Last week we took our first in depth look into the story of Quail here in the southeast. We heard from a man who has lived and hunted quail in Mississippi long enough to recall a time when you woudn’t catch an odd look for pulling up to a Mississippi gas station with an english pointer in your truck. We also heard from a man who was born in raised in Tennessee, and grew an interest in quail mainly from the stories from his dad on how things used to be.
Last week’s episode was meant to pull on your heart strings a tad, to possibly get you thinking about a type of hunting that maybe you haven’t tried yet. and maybe you haven’t tried it because it’s not readilly available to you like deer, squirrel, or turkey hunting is. Unfortunately, if you live in Mississippi or most other places in the southeast, it’s not readily available to you. But it used to be.
This week we are going to dig hard into the question of why?

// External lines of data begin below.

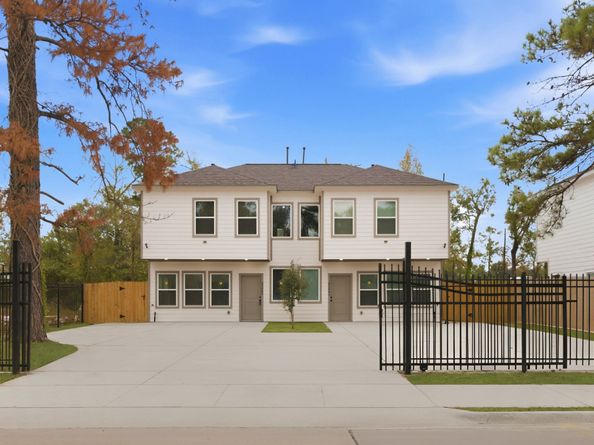 8306 Tidwell Road A/B, Houston TX 77028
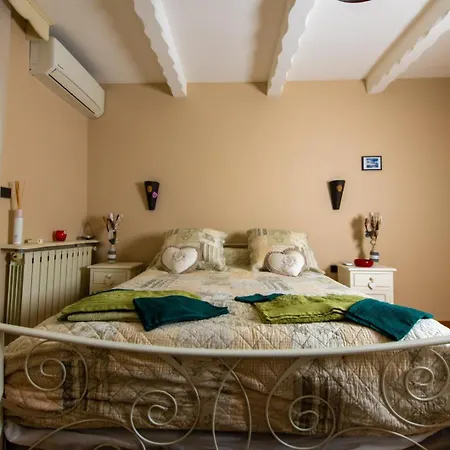 Holiday home Histoire De Famille Aubagne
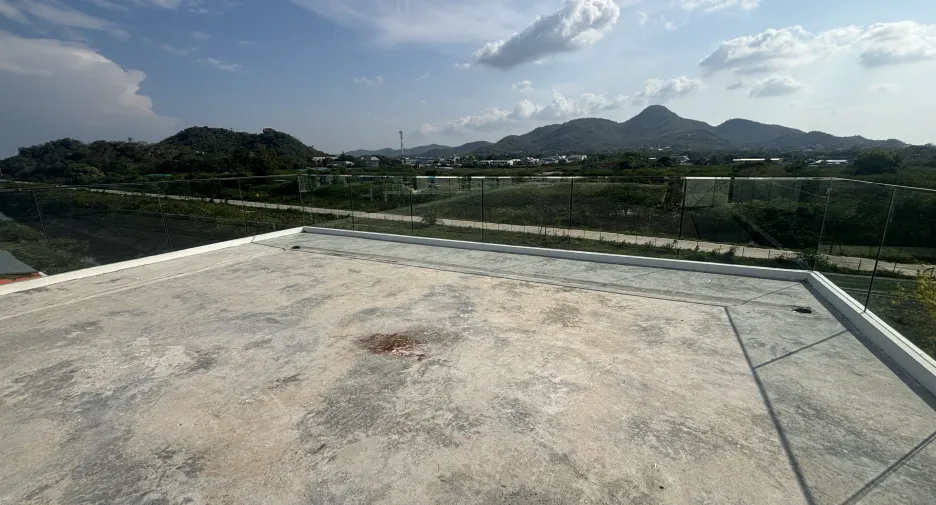 À vendre et à louer 4 chambres villa à Hua Hin, Prachuap Khiri Khan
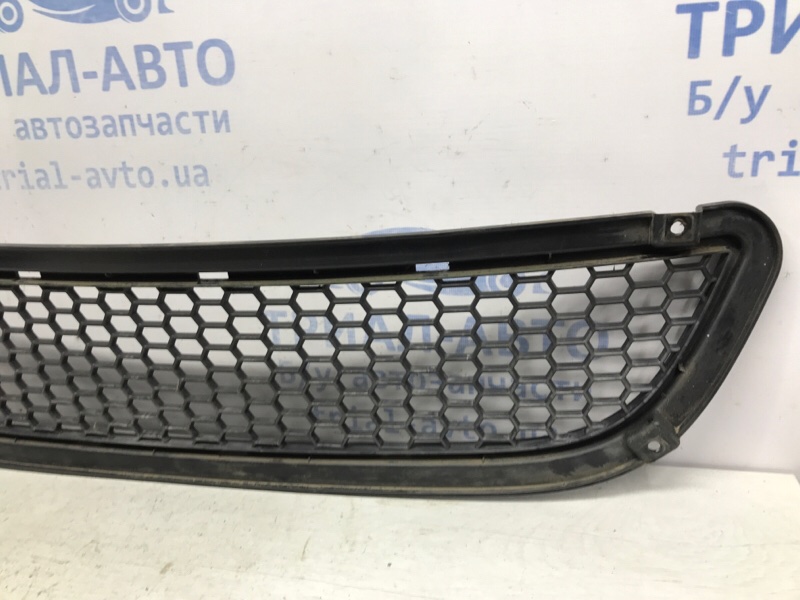 Решетка бампера центральная SsangYong Kyron DJ 2.0 diesel D20Dt Решетка бампера центральная SsangYong Kyron DJ 2.0 diesel D20Dt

why did we lose our quail and what caused it
But first, before we dive in, I’m going to pose few questions to make you think and also get mind rolling in the right direction for what you’re going to hear in this episode.
If you were to hop in your vehicle and take a drive around your neighborhood, down the local highway or interstate, down and old country road maybe- if you looked out the window- what would you see? Buildings? ag fields? pasture? blocks of timber?
Whatever you see around where you live. Have you ever stopped to think if it’s always been that way?
I’ve come to learn that what we grow up with we tend to assume that that’s just simply the way things have always been. The Mississippi that I’ve pretty much known my entire life has been dominated by vast stretches of pine plantation- but when I stop and think about it- it can’t have been like that always. that doesn’t occur naturally. so what was there before? What was there before? and if it hasn’t always been that way, what effects did it have when we made it that way?